Head mounted camera

Has anyone made any progress with retrofitting a head mounted camera? If not, could someone direct me to a camera that may work so I can try to figure something out? Trying to get high accuracy (± 0.020") positioning.

LightBurn does not currently support a head mounted camera. Though it is in the works.

Same as when this was asked before. Development has begun as @adammhaile says, but no ETA is provided.

Could you direct me to the best camera for head mounting and using as a normal lightburn camera? You has linked to a Endoscope camera which seems like a good idea. Would any USB Endoscope style camera work?

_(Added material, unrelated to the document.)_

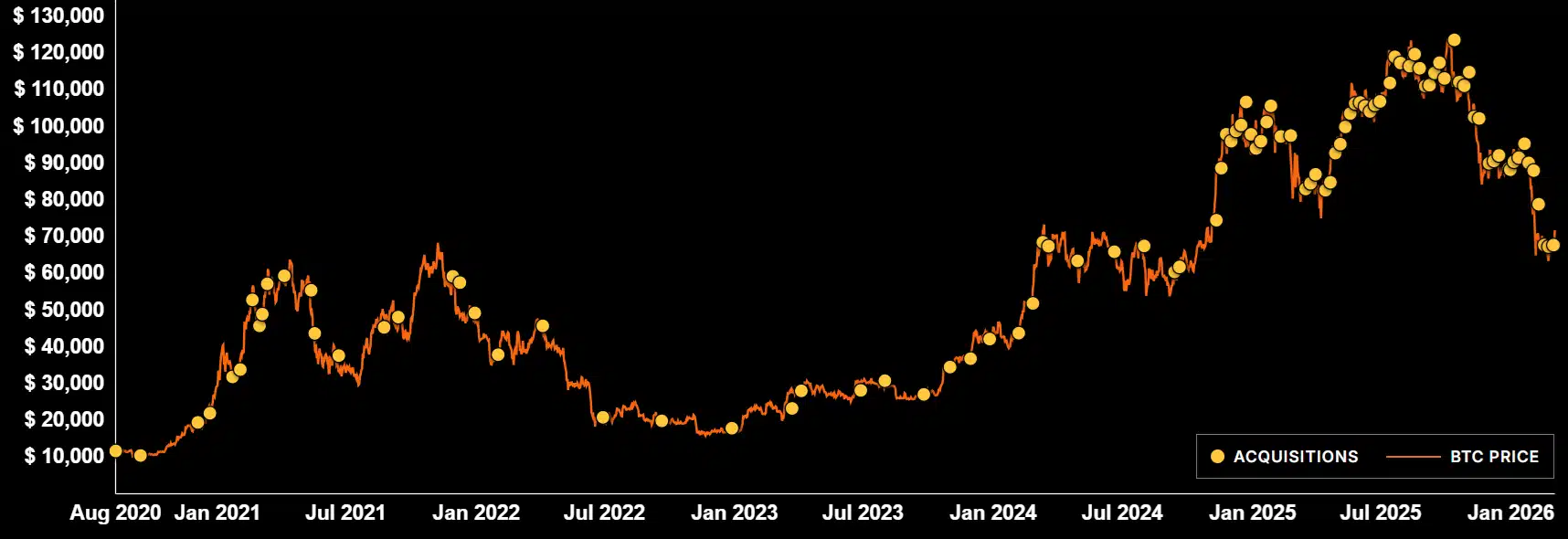Valuation Pressures Affect Corporate Bitcoin Holders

.02 accuracy seems pretty optimistic unless you can look straight down the vertical axis of the laser beam. It would mean your focal point would vertically have to have even better than .02" accuracy. Presumably the camera would have to look at an angle from either the X or Y axis (or maybe both) and any vertical offset from perfect vertical focus plane would shift the laser point accordingly. Of course the delta error reduces as the camera angle approaches vertical. Just my .02 worth…

Once you know the offset of where the laser will cut in relation to the camera you could make that adjustment in your layout. As long as it’s repeatable with a rigid mount to the laser head I don’t see an issue.

No, not yet. We are trying to tell you that LightBurn does not currently support a head-mounted camera. To make this as simple as possible, LightBurn currently supports a stationary camera, not one that can be moved around.

I was not providing a recommendation for an endoscope style camera. I was providing this:

This is what I was referencing.

I was thinking I could mount a camera to the head and just use it to align reference points on a piece of acrylic to cutout.

LightBurn does not, at this time, have support for that use-case either.

You probably could, but if you’re wanting LightBurn to help you with that process, you’ll have to wait until the feature is coded and released. The camera won’t be in-line with the beam path, so there’s an offset to work out, and the image might be rotated if the camera isn’t perfectly mounted.